We leave this point to the end because it is probably the one that generates the most confusion. For example, it is not specified what exactly “an agglomeration of buildings” (an agricultural hut next to a barn could be considered as such? And an abandoned building outside the city? And a ruined castle?). Nor is it detailed if it is forbidden to fly in urban areas without buildings, such as large parks, empty sports stadiums, uninhabited industrial zones, etc. In general, any assignment to be carried out in the urban area should be rejected, but the new legislative framework opens up to some exceptions.
4. Are all the necessary permits available?
The airspace begins at the moment when an aircraft takes off from the ground. And the regulation of this airspace is the responsibility of the State Aviation Safety Agency, AESA, not in town halls or police stations. The police and public bodies are not trained to regulate the airspace, although of course they can be present at our place of operations, require the presentation of documentation, etc. and denounce or paralyze our work if they consider that we break the law.
It is not true, therefore, the rumors of the type “as the City Council or the Local Police has given me permission, I can fly without problems”. Neither private owners can give or deny permits to fly over their property (except in enclosed spaces, as we have mentioned before). Even if it is the garden of your home… from the moment we take off, we are no longer “on their property”.

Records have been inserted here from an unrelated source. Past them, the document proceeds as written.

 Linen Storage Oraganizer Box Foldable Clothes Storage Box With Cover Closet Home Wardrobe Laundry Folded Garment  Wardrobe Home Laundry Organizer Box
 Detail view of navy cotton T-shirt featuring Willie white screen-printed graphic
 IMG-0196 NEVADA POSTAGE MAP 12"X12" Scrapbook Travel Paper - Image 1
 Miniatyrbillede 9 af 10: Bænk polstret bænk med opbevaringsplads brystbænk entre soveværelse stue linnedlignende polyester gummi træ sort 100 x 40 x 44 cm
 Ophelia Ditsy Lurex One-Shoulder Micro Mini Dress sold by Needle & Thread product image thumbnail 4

As of today, only 2 cases are known in which AESA has issued permits to fly in special spaces, such as an urban area, an airport security zone, etc. so it does not seem realistic to consider – we repeat: as of today – the request for permits to AESA.
On the other hand, we must request permission or coordinate with organizations other than AESA to fly in:
- vicinity of heliports or individual aerodromes (to the managers of this facility)
- enclosed spaces (to their owners)
- natural parks (to the managing body of the park)
- restricted areas (usually military areas, nuclear power stations, prisons, etc., and we will hardly get permission to fly over them)
We must also have civil liability insurance in force.
If necessary, there are alternatives to the use of unmanned aircraft:
- Rental of lifting platforms
- Use of elevating balloons (zeppelins)
- Use of lifting poles
- Subcontracting services of light aircraft or helicopters
All photographs and videos from our gallery of works are made following the legislation, either by using some of these alternatives, or else they were made prior to the current legal framework.